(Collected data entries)
────────────────

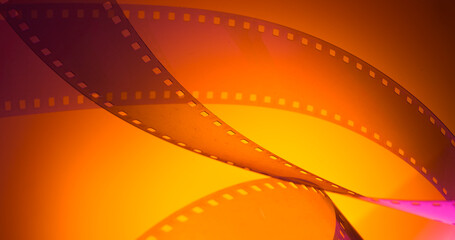 orange yellow color background with film strip. cinematography premiere film production show...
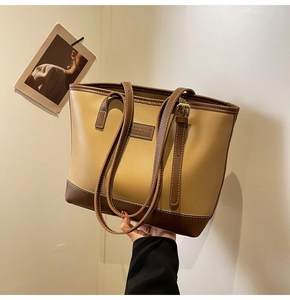 Détail du sac cabas bicolore avec écusson logo en cuir et double bandoulière réglable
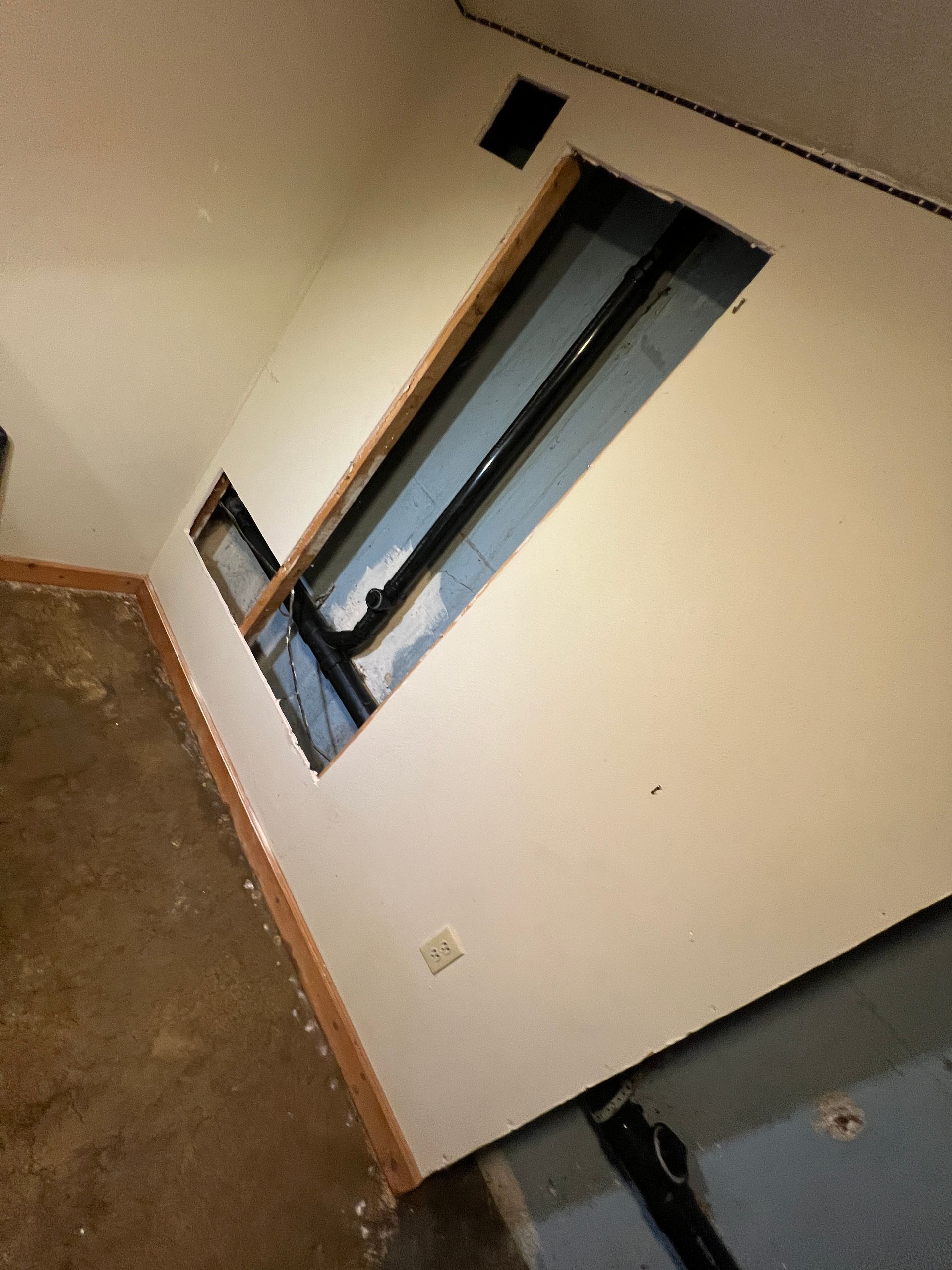 Wall with exposed plumbing in an unfinished room. Brown floor, white wall, black pipes.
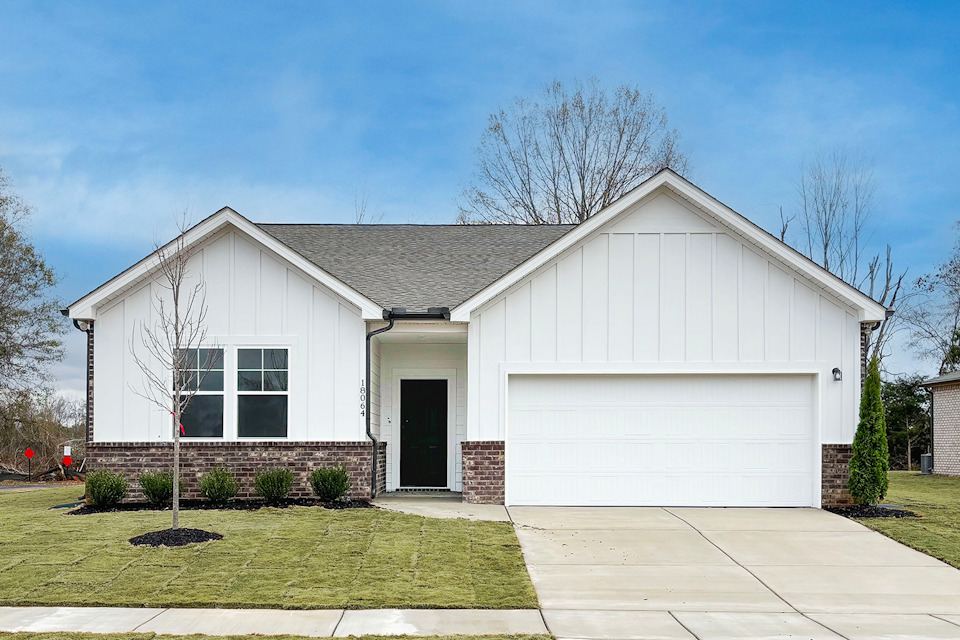A white house with a garage.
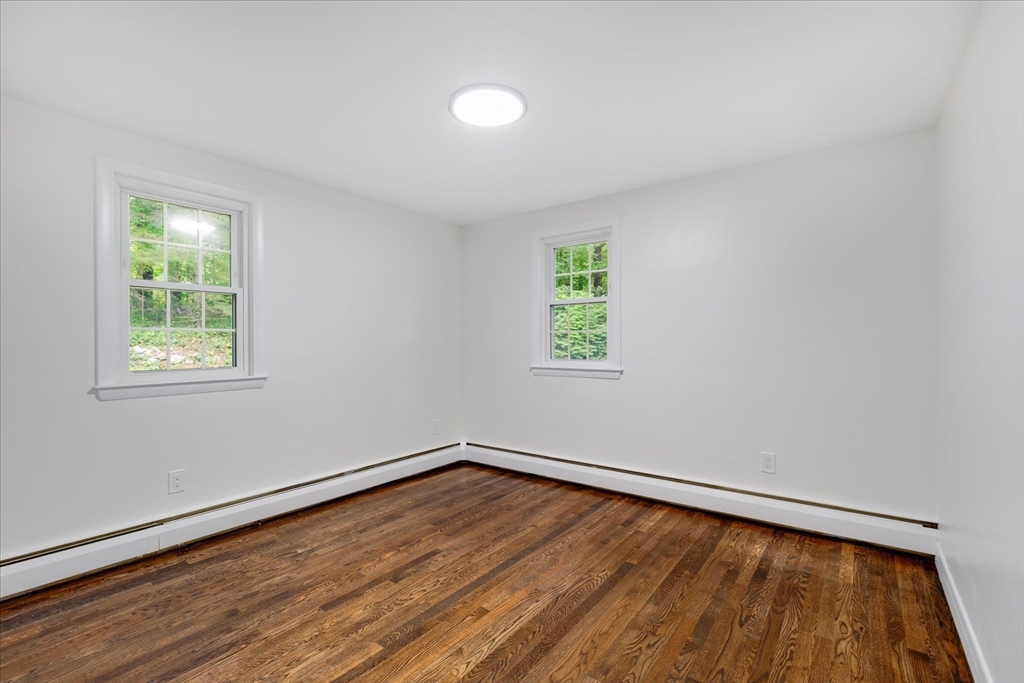 34 Carleton Road Hingham, MA 02043 - Photo 17 of 35 an empty room with a window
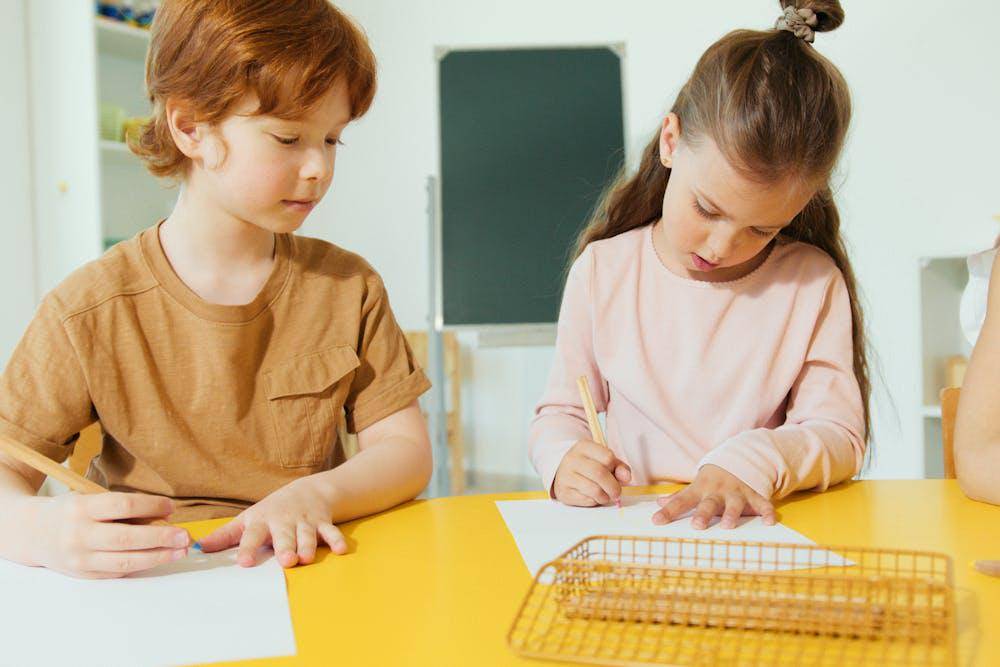 elementary students writing on a paper
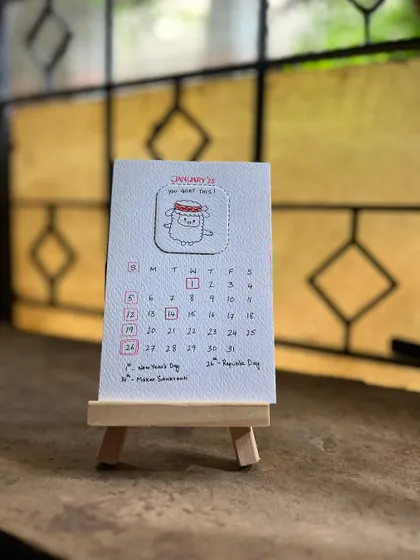 A close-up of the January 2025 calendar page, showing the hand-drawn details and textured paper.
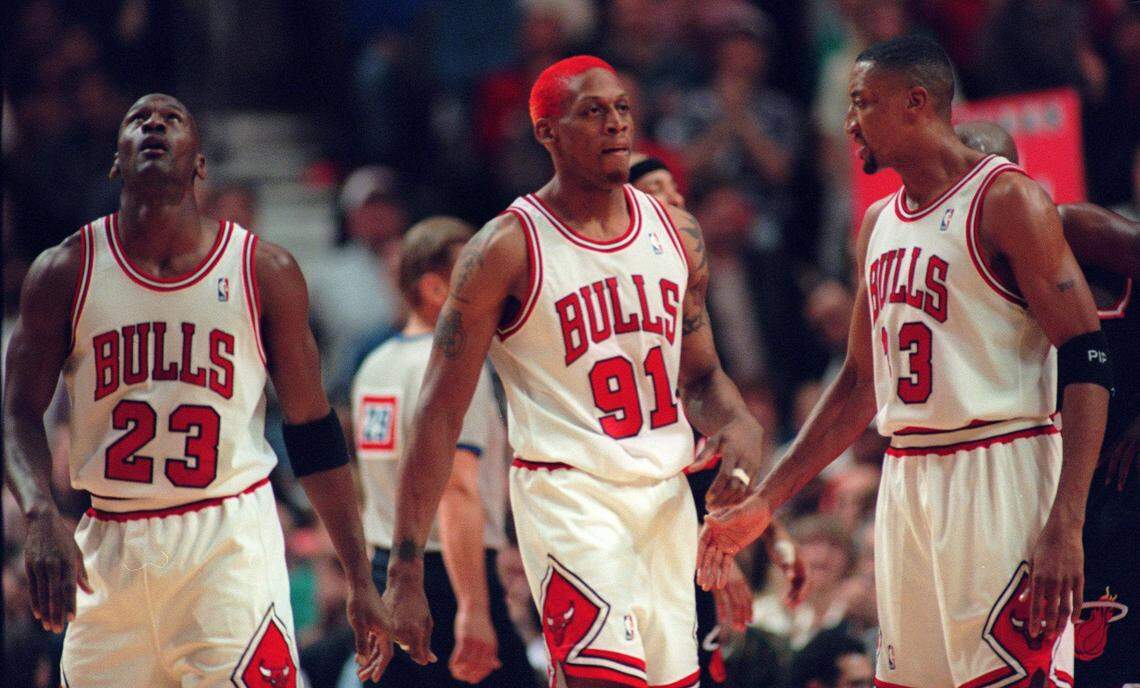 FILE PHOTO - Chicago Bulls’ Michael Jordan (23) looks up at the scoreboard as Dennis Rodman (91) and Scottie Pippen cross the floor during their first playoff game against the Miami Heat Friday, April 26, 1996, in Chicago. They became the first trio of teammates in 13 years to make the NBA’s all-defensive team, when the team was named on Thursday, May 9, 1996. This was not the game where the undermanned Heat squad beat the Bulls.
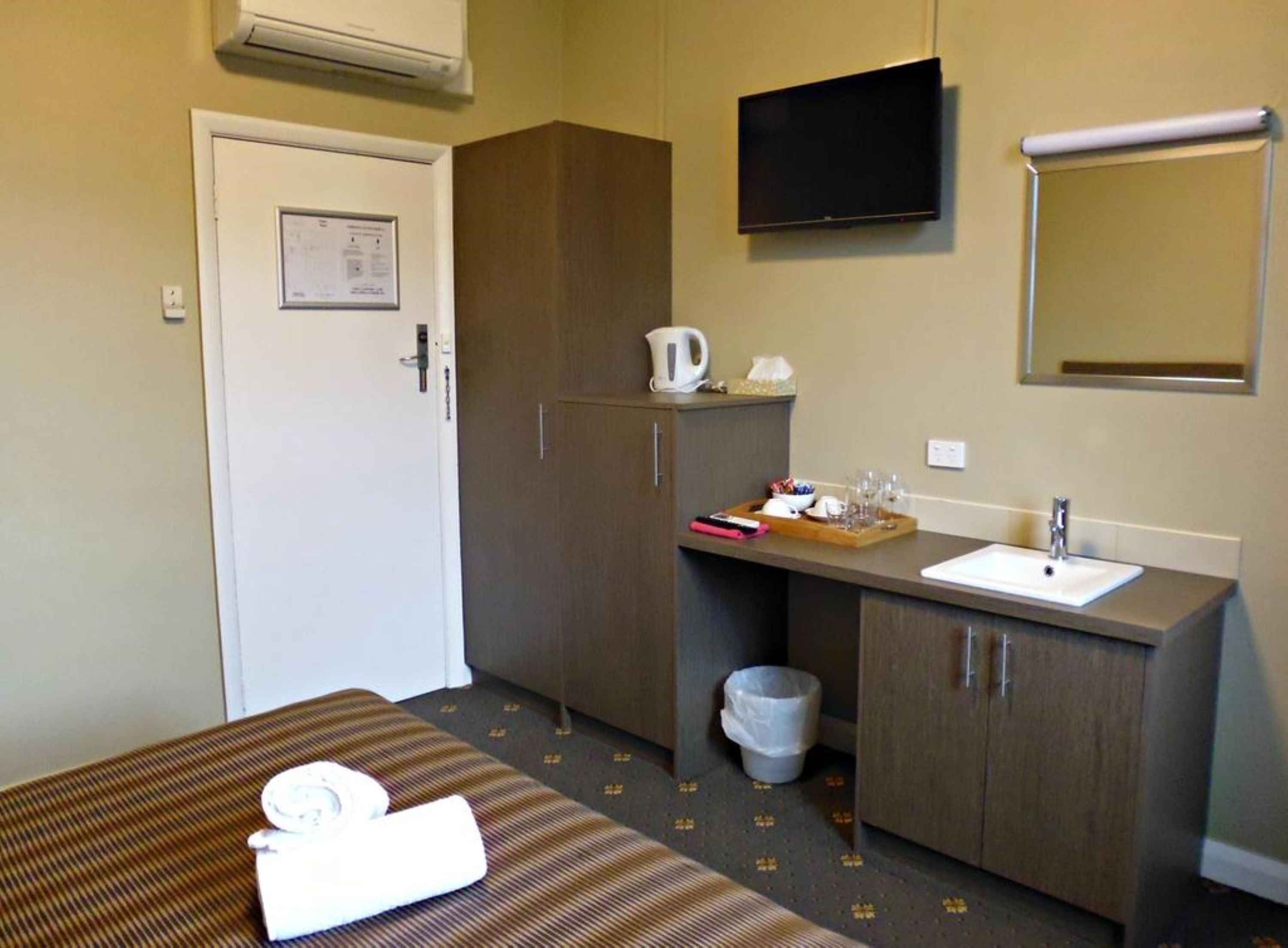 Habitació d'hotel amb un llit, una escriptori amb un rentanet, una televisió i un armari.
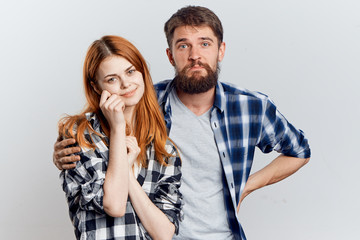 A man with a beard hugs a red-haired woman by her shoulder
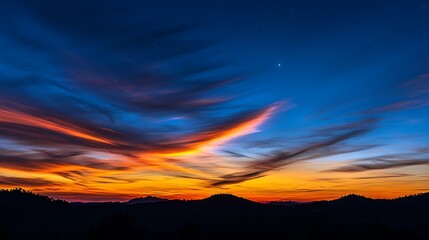 Fototapeta premium Crescent Moon in a Twilight Sky with Gradient Colors and Wispy Clouds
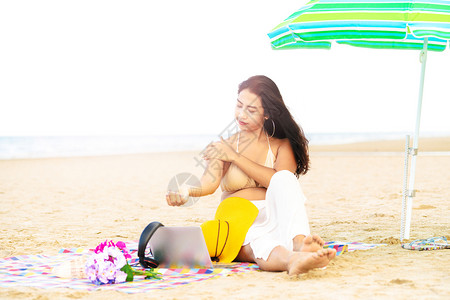 夏天坐在热带沙滩上的年轻女子左手抚摸右手图片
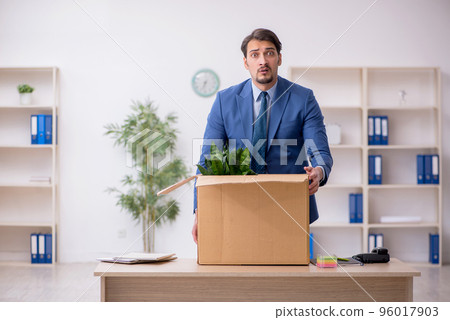 Young male employee in business relocation concept Young male employee in business relocation concept 96017903
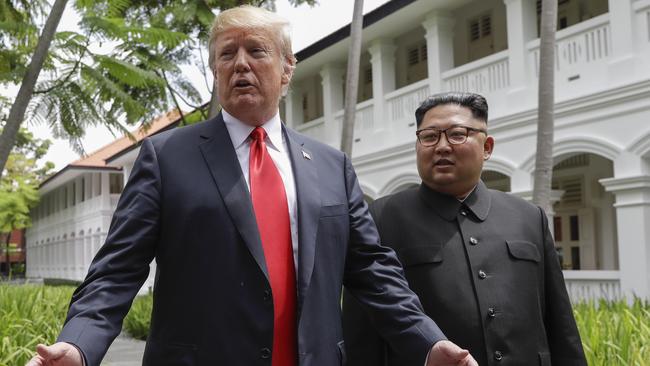 Donald Trump and Kim Jong-un leave their first meeting.  Picture: AFP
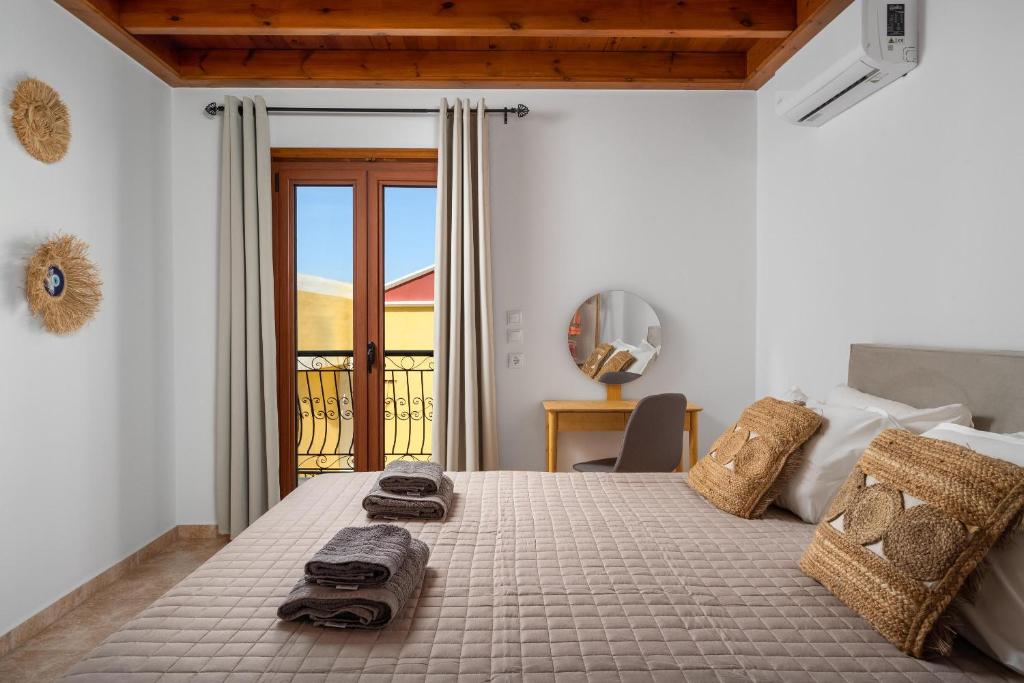 Postel nebo postele na pokoji v ubytování Symiland Villa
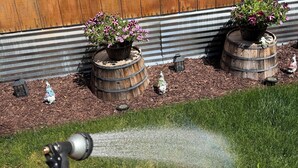 Een tuin met bloempotten, een houten vat en een decoratieve lantaarn.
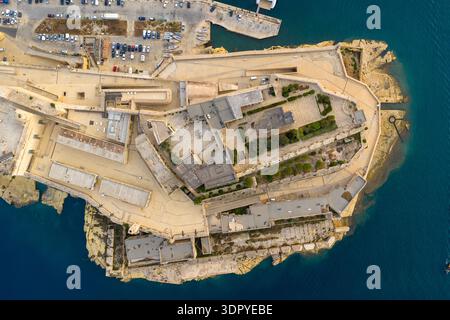 Veduta aerea del forte Sant'Angelo sulla penisola rocciosa di Birgu, Malta, mostrando le mura dei bastioni, i cortili e il mare Mediterraneo circostante. Foto Stock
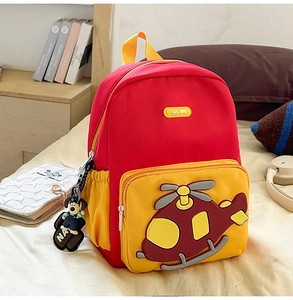 Detail of red and yellow kids helicopter backpack with cute dog plush toy pendant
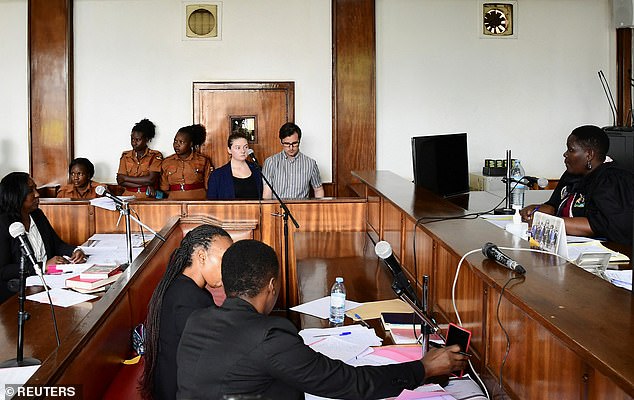 Nicholas Spencer and his wife, Mackenzie Leigh Mathias Spencer, both 32, stand in the dock at Buganda Road Court, where they were charged with torturing a 10-year old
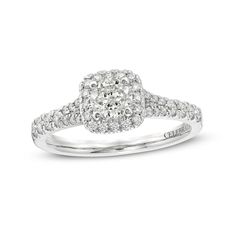 a white gold ring with diamonds on the band and an oval shaped center stone in the middle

────────────────

## WORK TO COMPLETE
Exact copy, pictures excluded: every line above from the one containing "elementary students writing on a paper" to the one containing "Een tuin met", inclusive, and nothing more.

## SOLVED EXERCISE
 elementary students writing on a paper
 A close-up of the January 2025 calendar page, showing the hand-drawn details and textured paper.
 FILE PHOTO - Chicago Bulls’ Michael Jordan (23) looks up at the scoreboard as Dennis Rodman (91) and Scottie Pippen cross the floor during their first playoff game against the Miami Heat Friday, April 26, 1996, in Chicago. They became the first trio of teammates in 13 years to make the NBA’s all-defensive team, when the team was named on Thursday, May 9, 1996. This was not the game where the undermanned Heat squad beat the Bulls.
 Habitació d'hotel amb un llit, una escriptori amb un rentanet, una televisió i un armari.
 A man with a beard hugs a red-haired woman by her shoulder
 Fototapeta premium Crescent Moon in a Twilight Sky with Gradient Colors and Wispy Clouds
 夏天坐在热带沙滩上的年轻女子左手抚摸右手图片
 Young male employee in business relocation concept Young male employee in business relocation concept 96017903
 Donald Trump and Kim Jong-un leave their first meeting.  Picture: AFP
 Postel nebo postele na pokoji v ubytování Symiland Villa
 Een tuin met bloempotten, een houten vat en een decoratieve lantaarn.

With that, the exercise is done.